Existe uma diferença enorme entre "saber gramática inglesa" e "escrever um texto coeso em inglês". Muitos alunos brasileiros de nível intermediário-avançado dominam tempos verbais e vocabulário, mas o texto ainda soa "picado", com ideias soltas, porque falta o domínio dos conectores complexos (complex connectors) e da coesão textual (textual cohesion) — os mecanismos que amarram frases e parágrafos num fluxo lógico único.

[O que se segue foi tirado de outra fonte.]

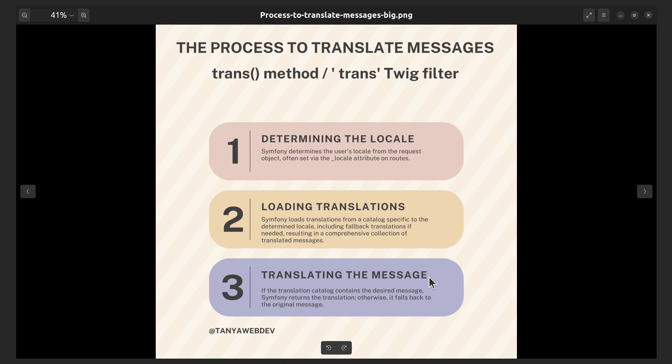Translating the message: if the desired message is found in the translation catalog, Symfony returns the corresponding translation. However, if the message is not located in the catalog, the translator falls back to returning the original message itself.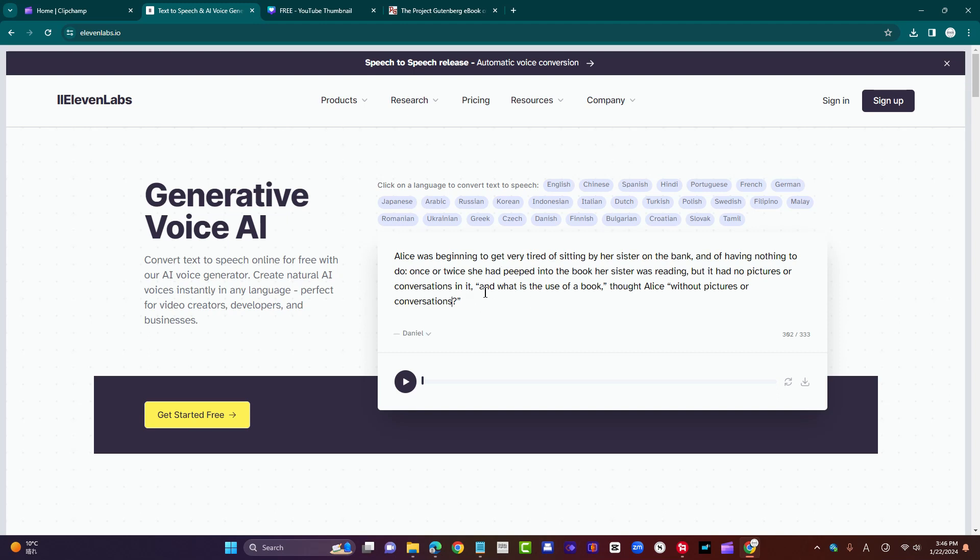And that's why Eleven Labs is ahead of the competition, because its AI can tackle that level of complexity. And it's getting better all the time.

Este guia cobre subordinadores complexos, referência anafórica, elipse e substituição — os quatro pilares da coesão em inglês avançado.
O que é coesão textual e por que ela é diferente em inglês e português?
Coesão textual é o conjunto de recursos linguísticos que conectam as partes de um texto, criando a sensação de unidade — sem coesão, um texto vira uma lista de frases desconexas, mesmo que cada frase individual esteja gramaticalmente correta. Em português, a coesão costuma se apoiar bastante em repetição de conectores simples ("e", "mas", "porque", "então") e em pronomes relativos flexíveis. Em inglês, a coesão formal e acadêmica exige uma gama maior de conectores subordinativos complexos (complex subordinators) — expressões de duas ou três palavras que fazem o trabalho de uma conjunção só, mas com precisão semântica muito maior.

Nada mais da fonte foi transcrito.